Demais. — Há uma diferença máxima entre as obras ordenadas ao bem individual e
as ordenadas ao bem comum. Mas esta diferença não diversifica as virtudes
morais, pois, como diz o Filósofo, a justiça legal, que ordena os nossos actos
para o bem comum, não difere da que os ordena para o nosso bem individual,
senão por uma diferença de razão 1. Logo, a diversidade das obras
não causa a das virtudes morais.
3.
Demais. — Se a obras diferentes se referissem virtudes morais diferentes, seria
necessário que tal fosse a diversidade das virtudes morais qual a das obras.

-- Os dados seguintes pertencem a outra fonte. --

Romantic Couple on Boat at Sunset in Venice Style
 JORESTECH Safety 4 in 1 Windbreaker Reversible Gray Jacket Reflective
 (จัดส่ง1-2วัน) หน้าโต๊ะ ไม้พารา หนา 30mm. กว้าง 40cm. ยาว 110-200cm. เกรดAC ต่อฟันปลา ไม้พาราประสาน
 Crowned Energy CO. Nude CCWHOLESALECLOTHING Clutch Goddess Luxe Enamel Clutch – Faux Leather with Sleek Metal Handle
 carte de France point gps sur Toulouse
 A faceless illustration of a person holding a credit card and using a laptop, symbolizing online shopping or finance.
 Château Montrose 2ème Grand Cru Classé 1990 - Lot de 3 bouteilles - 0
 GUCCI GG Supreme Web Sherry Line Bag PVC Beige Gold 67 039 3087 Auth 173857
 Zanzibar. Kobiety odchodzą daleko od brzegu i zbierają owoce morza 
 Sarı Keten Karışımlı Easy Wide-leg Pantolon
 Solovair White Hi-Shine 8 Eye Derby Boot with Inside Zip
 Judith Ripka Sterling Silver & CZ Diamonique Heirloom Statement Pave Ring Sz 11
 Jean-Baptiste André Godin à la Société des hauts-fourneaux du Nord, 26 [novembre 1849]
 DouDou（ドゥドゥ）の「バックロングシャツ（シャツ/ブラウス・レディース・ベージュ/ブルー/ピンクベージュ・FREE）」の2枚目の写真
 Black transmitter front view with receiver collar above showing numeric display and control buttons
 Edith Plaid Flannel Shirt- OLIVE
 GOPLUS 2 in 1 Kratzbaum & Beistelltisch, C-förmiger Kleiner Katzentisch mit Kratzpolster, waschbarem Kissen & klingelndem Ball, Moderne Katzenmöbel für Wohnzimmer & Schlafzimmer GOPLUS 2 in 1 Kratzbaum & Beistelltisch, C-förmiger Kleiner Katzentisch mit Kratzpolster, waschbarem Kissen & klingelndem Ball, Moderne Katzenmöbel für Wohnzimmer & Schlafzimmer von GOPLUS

Ora, isto é claramente falso, pois à justiça pertence estabelecer a rectidão
dos diversos géneros são só das trocas, como das distribuições, conforme se vê
em Aristóteles 2. Logo, a obras diferentes não correspondem virtudes
diferentes.
Mas,
em contrário, a religião é uma virtude diferente da piedade, contudo, uma e outra
versa sobre determinados actos.
Todas as virtudes morais, que versam sobre as obras, convêm numa noção geral
de justiça, que se funda no devido a outrem, distinguem-se porém por diferentes
razões especiais. E isto porque a ordem racional dos actos externos se funda,
como já dissemos 3, não na relação com o afecto humano, mas na
conveniência da causa consigo própria, da qual deduzimos a ideia do devido, que
funda a noção de justiça, a qual exige que paguemos o débito. E portanto, todas
as virtudes, como ela, que versam sobre as obras, participam de certo modo da
justiça. Mas a noção de débito não é a mesma em todos os casos. Assim, umas
vezes devemos ao nosso igual, outras, ao superior, outras, a um inferior, umas
vezes, em virtude de um contrato, outras, de uma promessa ou por um benefício
recebido. Ora, a estas diferentes ideias de débito correspondem virtudes diferentes,
assim, pela religião damos a Deus o que lhe é devido, a piedade manda-nos pagar
o débito aos pais ou à pátria, o agradecimento, aos benfeitores e assim por
diante.
DONDE
A RESPOSTA À PRIMEIRA OBJECÇÃO. — A justiça propriamente dita é uma virtude
especial fundada em a noção perfeita de débito, susceptível de ser satisfeito por
equivalência. Mas também se chama justiça, em sentido mais amplo, a virtude que
exige a satisfação de qualquer débito. E nesta última acepção não é uma virtude
especial.
RESPOSTA
À SEGUNDA. — A justiça, que visa o bem comum, é uma virtude diferente da
ordenada ao bem privado de alguém, e por isso o direito comum se distingue do
direito privado, e Túlio admite uma virtude especial, a piedade, ordenada ao
bem da pátria 4. Ora, a justiça, que ordena o homem para o bem
comum, tem um império geral, pois ordena todos os actos das virtudes ao devido
fim, que é o bem comum. Mas também a virtude se chama justiça, que é ordenada
pela justiça, no primeiro sentido. Donde, a virtude só racionalmente difere da
justiça legal, assim como só racionalmente difere a virtude, que obra por si
mesma, da que o faz por império de outra.
RESPOSTA
À TERCEIRA. — Todas as obras pertencentes à justiça especial supõem a mesma
noção de débito. E portanto, constituem a mesma virtude da justiça,
principalmente quanto às trocas. Mas talvez, a justiça distributiva seja de
espécie diferente da comutativa, questão esta de que mais adiante se tratará 5.
Nota:
Revisão da tradução portuguesa por ama.
____________________
Notas:
1. V Ethic. (lect. II).
2. V Ethic. (lect. II).
3. Q.60, a. 2.
4. II De invent., cap. LIII.
5.
IIa IIae q. 61, a. 1.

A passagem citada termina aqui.